The 8th of March marks International Women’s Day. Today and every day we honour and recognise women’s rights as human rights, their struggles for equality and equity and also their resilience to all the challenges they have faced. Women have achieved a lot towards gender equality. However, there is still much way to go.
Recently, in August 2024, the Iraqi Parliament proposed Amendments to the 1959 Iraqi Personal Status Law, a law that governs family and inheritance issues. The proposed amendments undermined women’s and young girls rights allowing- among others- marriages from as young as nine years old. The proposal faced strong opposition by human rights organisations, activists and the international community
On the 21st of January 2025, The Iraqi Parliament voted for the amendments on the existing law. Until now, the legal age of marriage was 18 years old and on some occasions 15 years after judicial consent. Following the amendment, the traditional Islamic jurisprudence is suggesting the puberty of a girl as indicative of her capacity to get married, lowering in any case the legal age of marriage at 15. However, the hard truth is that under the amended law, the Islamic courts have now increased authority over family issues. So, in reality lots of marriages also happen under this age remaining unregistered to state courts. This legalises child marriages and consequently physical and sexual abuse as well as a tremendous impact on their mental well-being with women and girls be severely affected.
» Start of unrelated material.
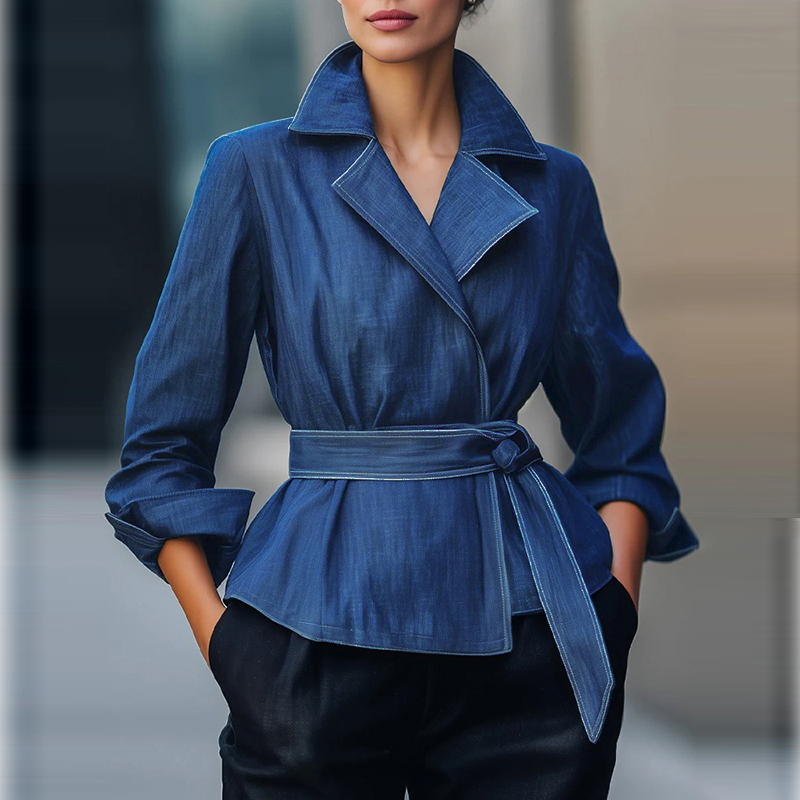 Giacca di Jeans Moda Autunno P - Jackets recensione e prezzo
The Amendments of the 1959 Personal Status Law are a major step back, as the same law used to be recognised as one of the most forward thinking family laws across the Middle East. It now diminishes basic rights of women and young girls, it significantly expands the authority of clerics over family law matters including divorce and inheritance issues. The legislation promotes severe violations of fundamental human rights such as right to equality and non-discrimination, right to property and inheritance as well as the right to marriage and family life.
As an Iraqi citizen, activist and woman, I would like to raise this issue today, on the occasion of International Women’s Day, and to become the voice of those who are not able to raise it, until they are. The latest legislative developments have provoked a regional but also an international outrage with women’s and human organisations as well as activists all over the world to demand the withdrawal of this law, as it violates international human rights conventions that Iraq is party of.